HABEN MUSLIMISCHE SCHULKINDER EINEN ANSPRUCH AUF AUFNAHME AN EINER ÖFFENTLICHEN BEKENNTNISSCHULE?

Kurzantwort: Bekenntnisfremde Kinder sind an öffentlichen Bekenntnisschulen nur ausnahmsweise zuzulassen, wenn keine andere Schule in zumutbarer Nähe zur Aufnahme bereit ist und das Kind sich uneingeschränkt mit der Bildung und Erziehung in dem jeweiligen Bekenntnis einverstanden erklärt.

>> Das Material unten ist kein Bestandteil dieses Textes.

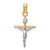 Image of 14K Yellow & White Gold Inri Latin Crucifix Pendant M2591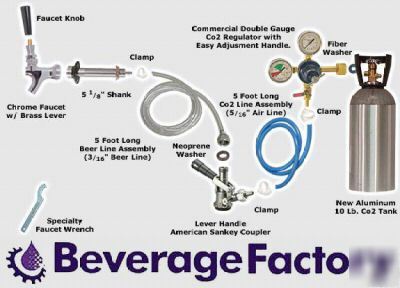 Kegerator keg tap home bar beer cooler taps kit sck-10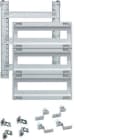 HAGER - Kit equipamientos para aparamentas modulares 7 filas con 161 módulos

Öffentliche Bekenntnisschulen, die gänzlich vom Staat finanziert werden, sind heute nur noch selten anzutreffen. Neben Nordrhein-Westfalen (§§ 26 ff. Schulgesetz Nordrhein-Westfalen) kommen diese Schulen nur noch in Niedersachsen (§§ 129 ff. Schulgesetz Niedersachsen) vor.
Bekenntnisschulen genießen einen Sonderstatus und sind in erster Linie an Kinder des jeweiligen Bekenntnisses ausgerichtet. In Nordrhein-Westfalen hat die Bekenntnisschule gar Verfassungsrang. Gemäß Artikel 12 Absatz 3 Satz 2 der Landesverfassung Nordrhein-Westfalen werden an diesen Schulen die Kinder nach den Grundsätzen des jeweiligen Bekenntnisses unterrichtet und erzogen. Hierdurch soll eine gewisse „Homogenität“ unter den Schülern sowie Lehrern gewährleistet werden.1
Der Religionsunterricht ist an diesen Schulen nicht nur ordentliches Lehrfach, sondern bildet einen elementaren Kern und damit inzident die Identität der Schule. Gesichert werden soll eine störungsfreie Erziehung ohne Gefahr von Rechtsstreitigkeiten. Bekenntnisfremde Kinder seien daher nur ausnahmsweise zuzulassen, wenn keine andere Schule in zumutbarer Nähe zur Aufnahme bereit ist und das Kind sich uneingeschränkt mit der Bildung und Erziehung in dem jeweiligen Bekenntnis einverstanden erklärt. Tut es das nicht, müsse die Schule das Kind grundsätzlich auch nicht aufnehmen.2   Zumutbar ist dabei nach § 12 Absatz 3 Satz 2 Halbsatz 1 der Schülerfahrtkostenverordnung Nordrhein-Westfalen für Schüler der Grundschule eine Schulwegdauer von insgesamt nicht mehr als einer Stunde.
Verfassungsrechtlich lässt sich dieser Standpunkt, so jedenfalls das Bundesverfassungsgericht, nicht beanstanden. Schließlich ginge der Gesetzgeber selber in Artikel 7 Absatz 3 Grundgesetz sowie Artikel 7 Absatz 5 Grundgesetz davon aus, dass neben den öffentlichen Volksschulen auch Bekenntnisschulen eingerichtet werden können.3   Das Bundesverfassungsgericht folgert daraus, dass der Landesgesetzgeber in seiner Gestaltungsfreiheit grundsätzlich die Schulform, einschließlich etwaiger Zwischenformen, frei wählen könnte.4   Die Länder würden so die Möglichkeit bekommen auf die unterschiedlichen Gegebenheiten und Anforderungen in ihrer Bevölkerung reagieren zu können. Je nach dem welcher Konfession die Bevölkerung angehört und wie stark diese religiös verwurzelt sind, können die Länder dann entscheiden, welche Schulform letztlich in ihrem Land realisiert wird.5

Siehe hierzu OVG NRW, Beschluss v. 21.03.2016, Az. 19 B 996/15, Rn.  30.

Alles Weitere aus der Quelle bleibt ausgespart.